El conjunto de la Ley es,
pues, lo que salvaguarda plenamente la vida del hombre. Esto explica lo difícil
que es mantenerse fiel al « no matarás » cuando no se observan las otras «
palabras de vida » (Hch 7, 38),
relacionadas con este mandamiento. Fuera de este horizonte, el mandamiento
acaba por convertirse en una simple obligación extrínseca, de la que muy pronto
se querrán ver límites y se buscarán atenuaciones o excepciones. Sólo si nos
abrimos a la plenitud de la verdad sobre Dios, el hombre y la historia, la
palabra « no matarás » volverá a brillar como un bien para el hombre en todas
sus dimensiones y relaciones. En este sentido podemos comprender la plenitud de
la verdad contenida en el pasaje del libro del Deuteronomio, citado por Jesús
en su respuesta a la primera tentación: « No sólo de pan vive el hombre,
sino... de todo lo que sale de la boca del Señor » (8, 3; cf. Mt 4, 4).
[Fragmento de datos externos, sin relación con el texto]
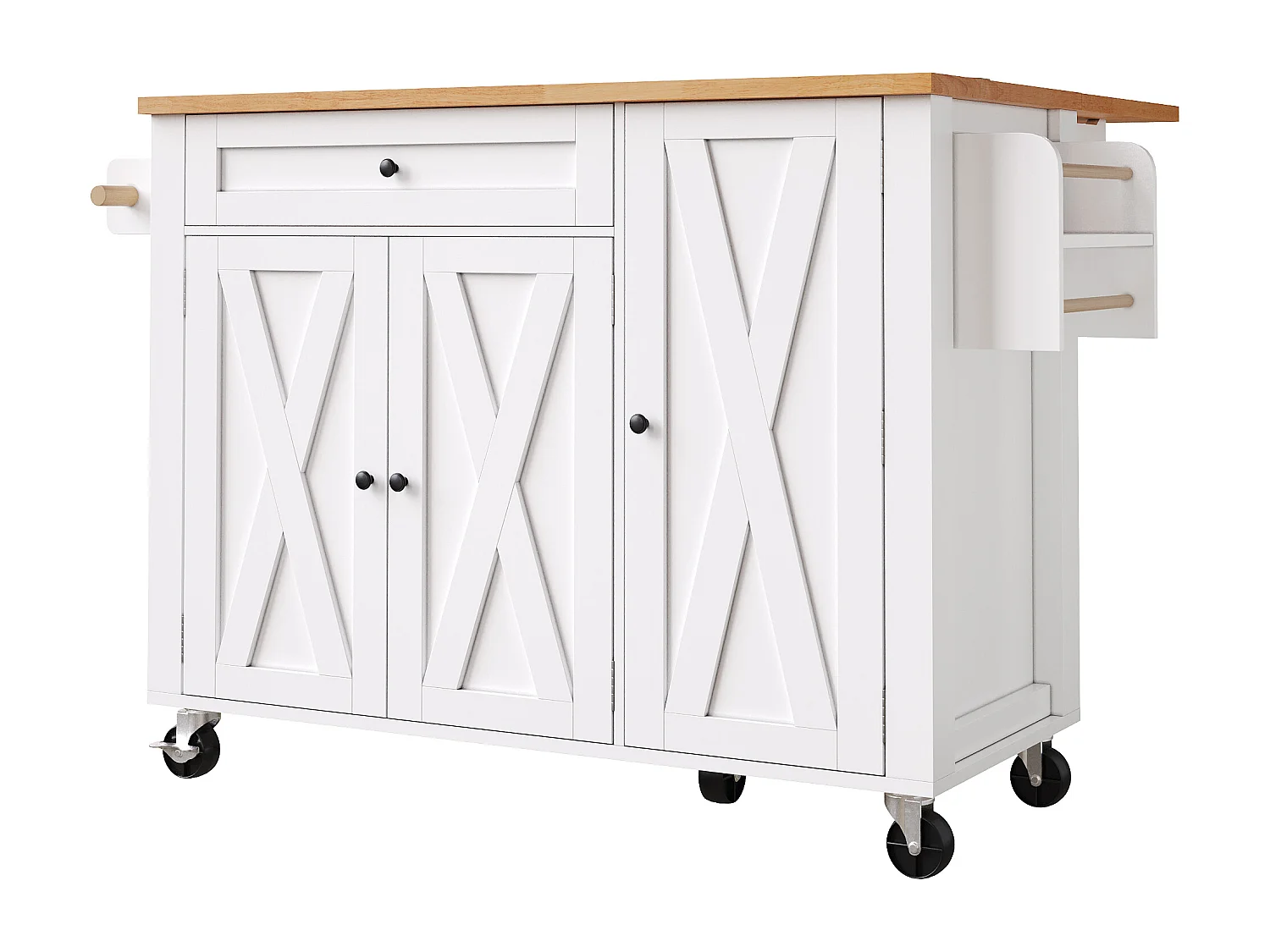 Desserte de cuisine avec 3 portes, 1 tiroir, porte-serviette et porte-épice, design table pliante, couleurs blanc et naturel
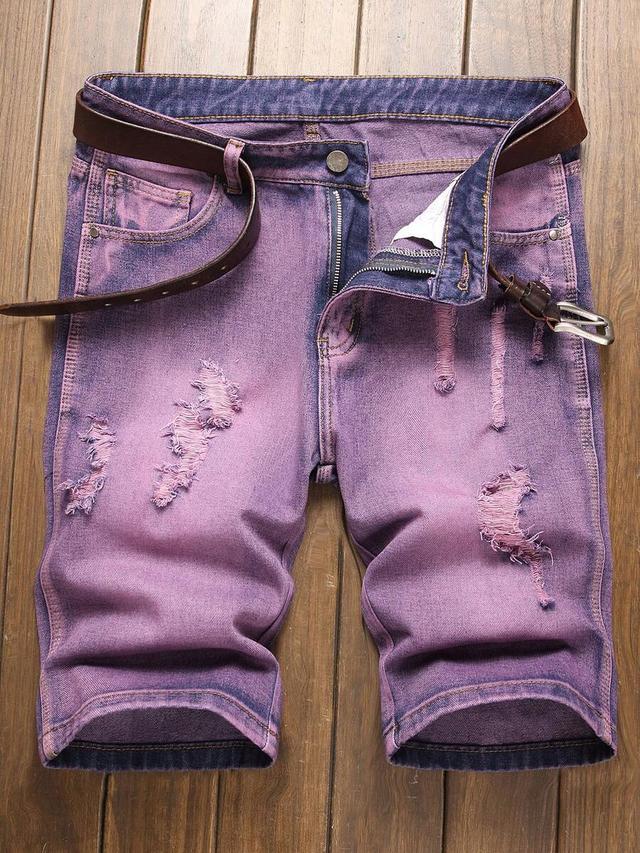 stylish purple denim distressed regular fit shorts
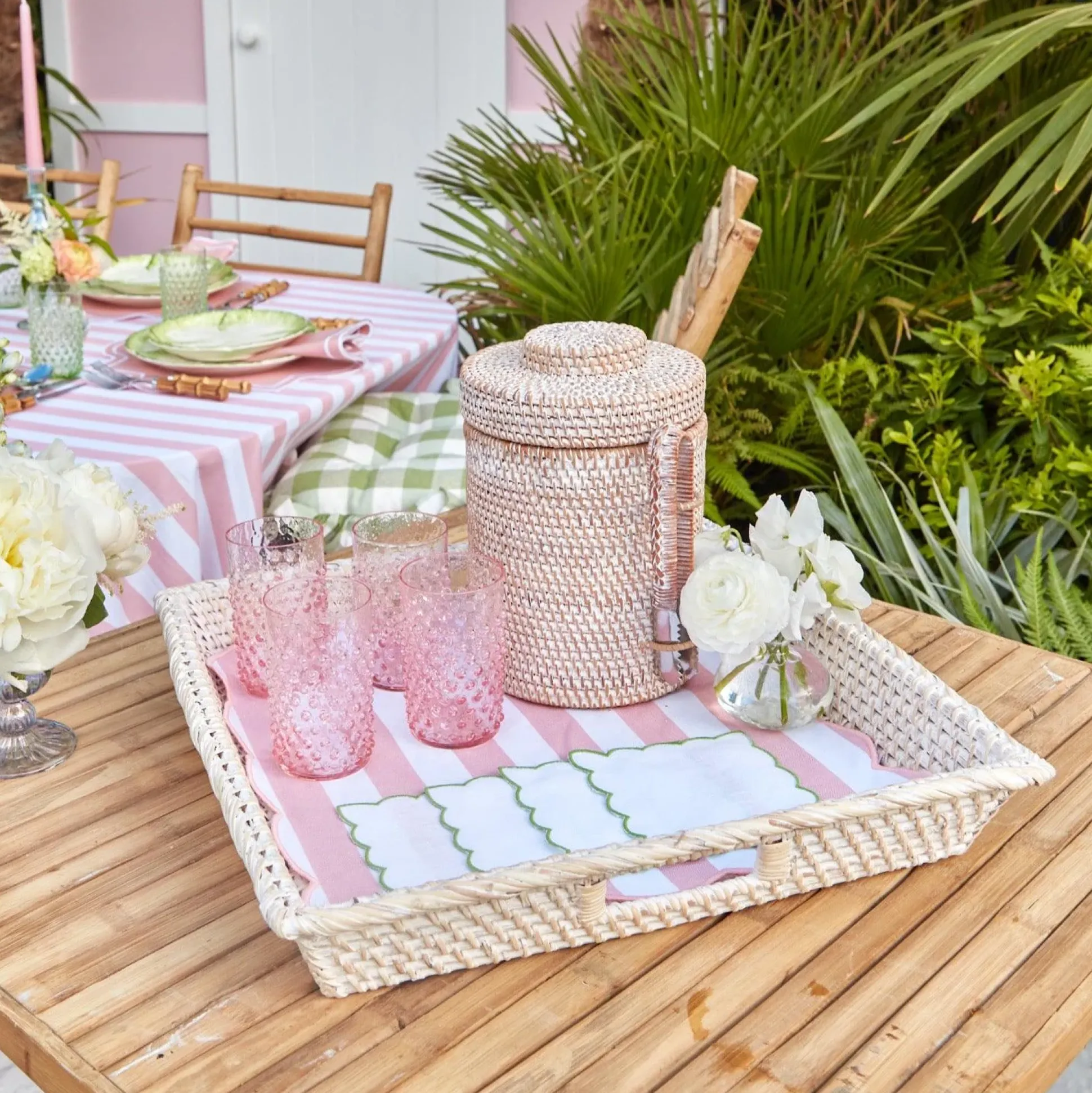 White Rattan Tray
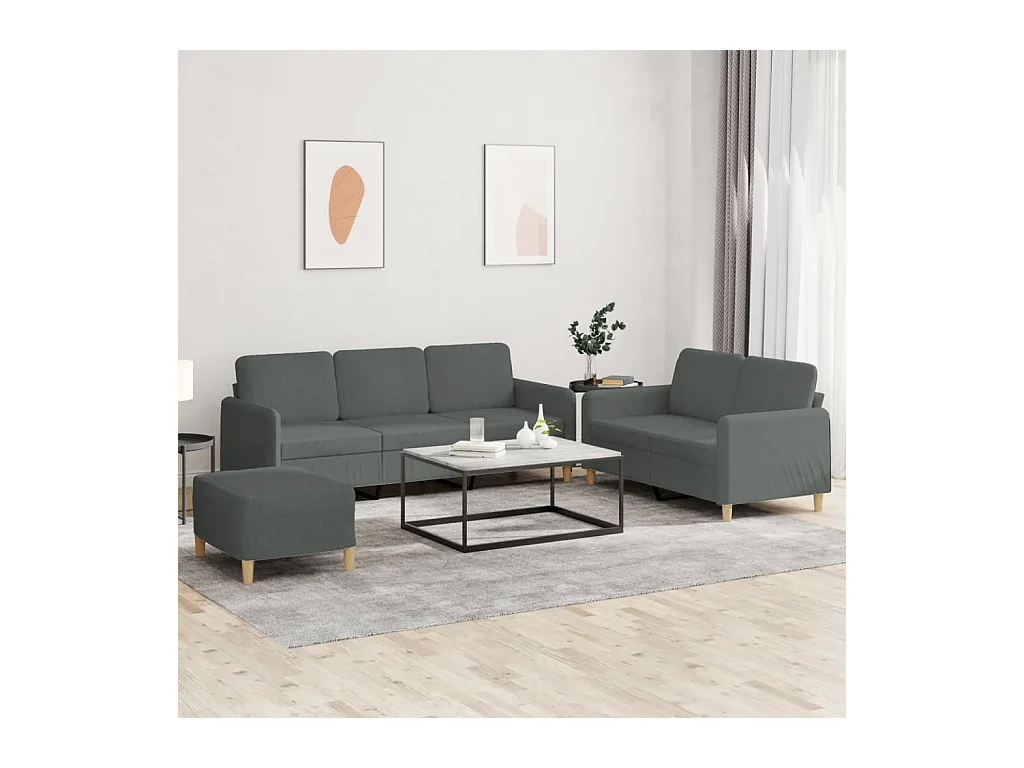 Set di divani 3 pezzi con cuscini in tessuto grigio scuro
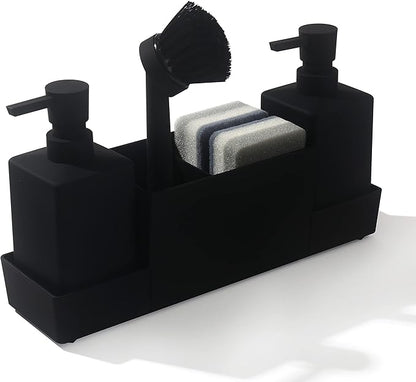 Kitchen Soap Dispenser with Sponge Holder Set for Sink Caddy, Hand Soap and Dish Soap Dispenser with Brush (Black)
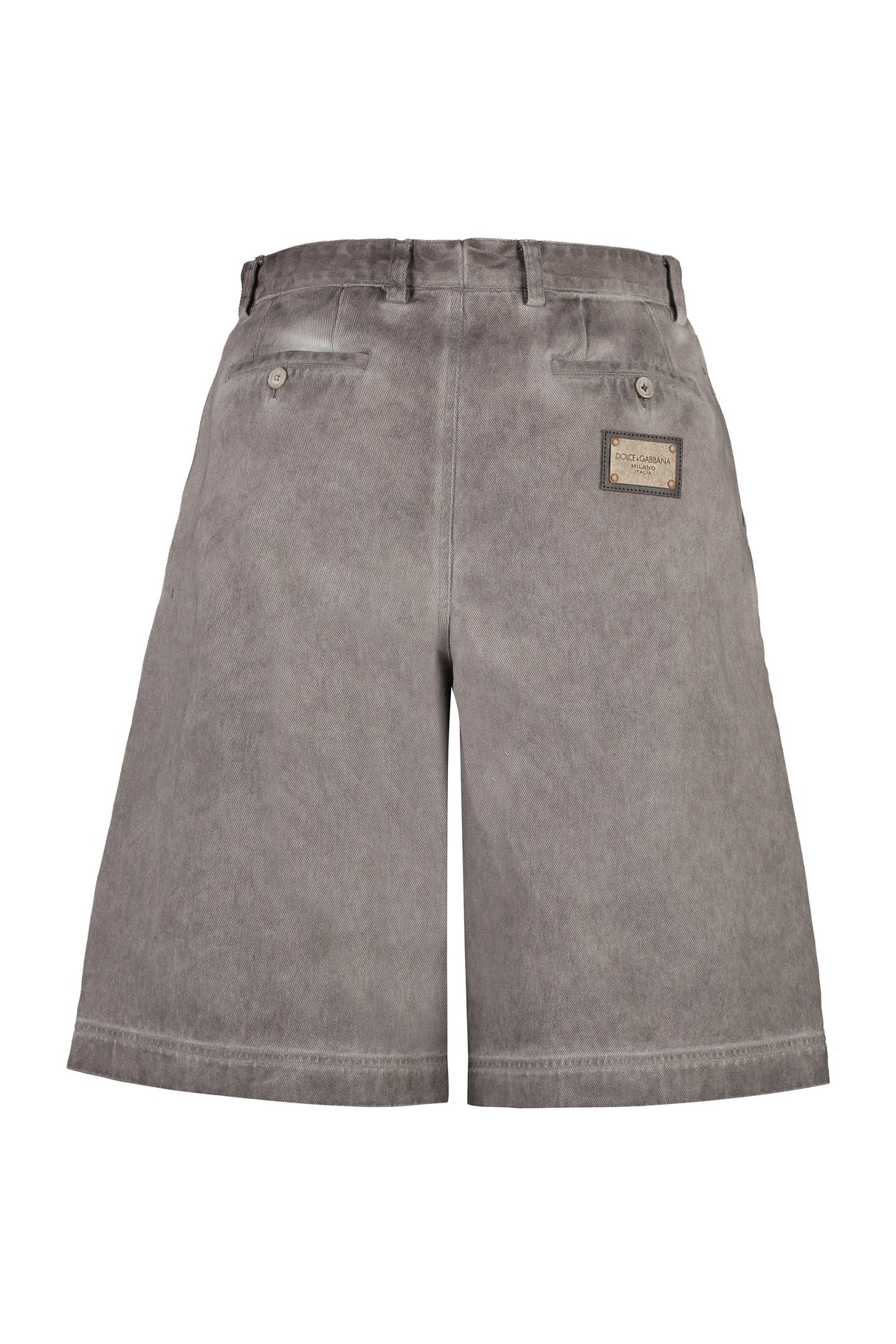 DOLCE & GABBANA Men's Grey Cotton Bermuda Shorts for SS23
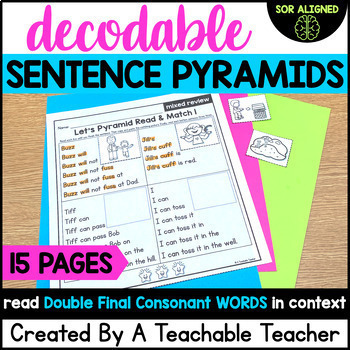 Preview of Reading Simple Double Final Consonant Sentences - Decodable Pyramids for Fluency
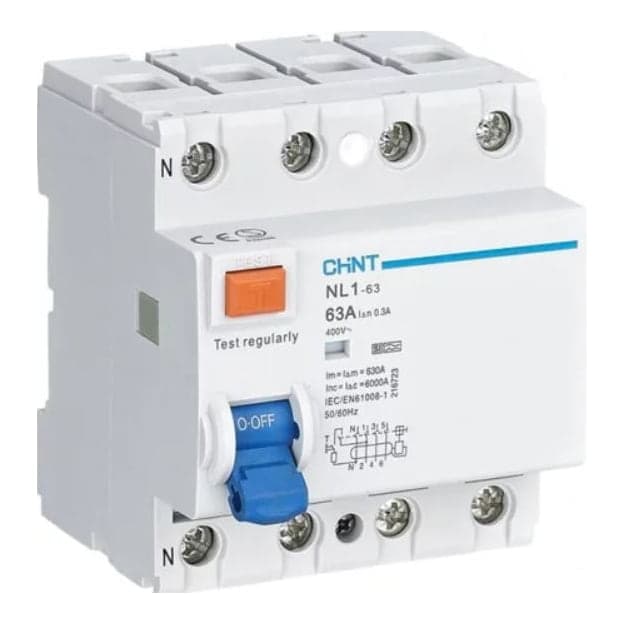 Interruptor diferencial CHINT NL1-63 · 4P 63A 300mA tipo A 6kA (NL1-63-4P-63A-300MA-A)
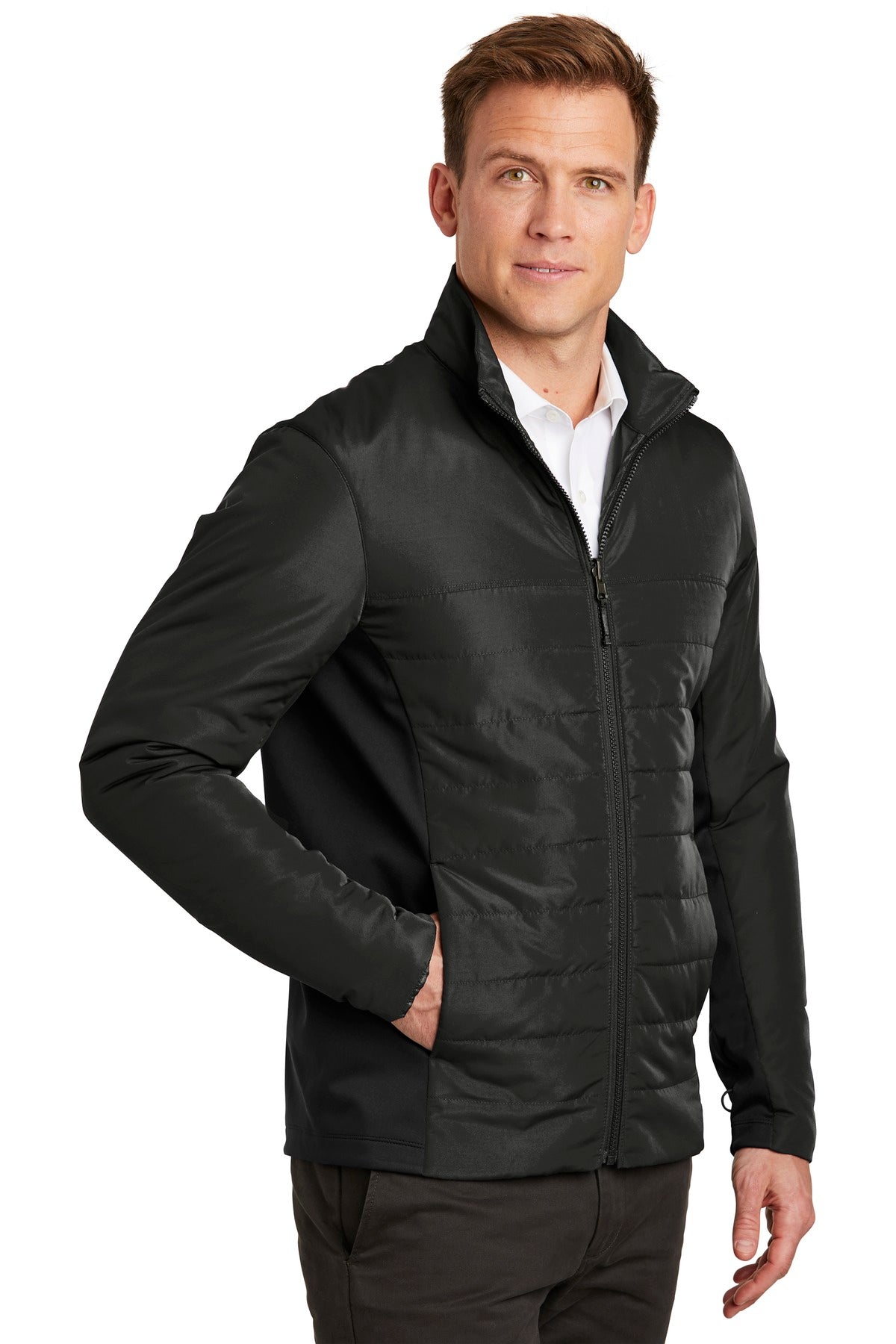 Port Authority Collective Insulated Jacket. J902 - Deep Black - three_q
Sólo escuchando la palabra del Señor el hombre puede vivir
con dignidad y justicia; observando la Ley de Dios el hombre puede dar frutos
de vida y felicidad: « todos los que la guardan alcanzarán la vida, mas los que
la abandonan morirán » (Ba 4, 1).
49. La historia de Israel muestra lo difícil que es mantener la fidelidad a la
ley de la vida, que Dios ha inscrito en el corazón de los hombres y ha
entregado en el Sinaí al pueblo de la Alianza. Ante la búsqueda de proyectos de vida alternativos al plan de Dios, los
Profetas reivindican con fuerza que sólo el Señor es la fuente auténtica de la
vida. Así escribe Jeremías: « Doble mal ha hecho mi pueblo: a mí me dejaron,
Manantial de aguas vivas, para hacerse cisternas, cisternas agrietadas, que el
agua no retienen » (2, 13). Los Profetas señalan con el dedo acusador a quienes
desprecian la vida y violan los derechos de las personas: « Pisan contra el
polvo de la tierra la cabeza de los débiles » (Am 2, 7); « Han llenado este lugar de sangre de inocentes » (Jr 19, 4). Entre ellos el profeta
Ezequiel censura varias veces a la ciudad de Jerusalén, llamándola « la ciudad
sanguinaria » (22, 2; 24, 6.9), « ciudad que derramas sangre en medio de ti »
(22, 3).
Pero los
Profetas, mientras denuncian las ofensas contra la vida, se preocupan sobre
todo de suscitar la espera de un nuevo
principio de vida, capaz de fundar una nueva relación con Dios y con los
hermanos abriendo posibilidades inéditas y extraordinarias para comprender y
realizar todas las exigencias propias del Evangelio
de la vida. Esto será posible únicamente gracias al don de Dios, que
purifica y renueva: « Os rociaré con agua pura y quedaréis purificados; de
todas vuestras impurezas y de todas vuestras basuras os purificaré. Y os daré
un corazón nuevo, infundiré en vosotros un espíritu nuevo » (Ez 36, 25-26; cf. Jr 31, 31-34). Gracias a este « corazón nuevo » se puede
comprender y llevar a cabo el sentido más verdadero y profundo de la vida: ser un don que se realiza al darse. Este es
el mensaje esclarecedor que sobre el valor de la vida nos da la figura del
Siervo del Señor: « Si se da a sí mismo en expiación, verá descendencia,
alargará sus días... Por las fatigas
de su alma, verá luz » (Is 53,
10.11).
En Jesús de
Nazaret se cumple la Ley y se da un corazón nuevo mediante su Espíritu. En
efecto, Jesús no reniega de la Ley, sino que la lleva a su cumplimiento (cf. Mt 5, 17): la Ley y los Profetas se
resumen en la regla de oro del amor recíproco (cf. Mt 7, 12). En El la Ley se hace definitivamente « evangelio »,
buena noticia de la soberanía de Dios sobre el mundo, que reconduce toda la
existencia a sus raíces y a sus perspectivas originarias. Es la Ley Nueva, « la ley del espíritu que da
la vida en Cristo Jesús » (Rm 8, 2),
cuya expresión fundamental, a semejanza del Señor que da la vida por sus amigos
(cf. Jn 15, 13), es el don de sí mismo en el amor a los
hermanos: « Nosotros sabemos que hemos pasado de la muerte al vida, porque
amamos a los hermanos » (1 Jn 3, 14).
Es ley de libertad, de alegría y de bienaventuranza.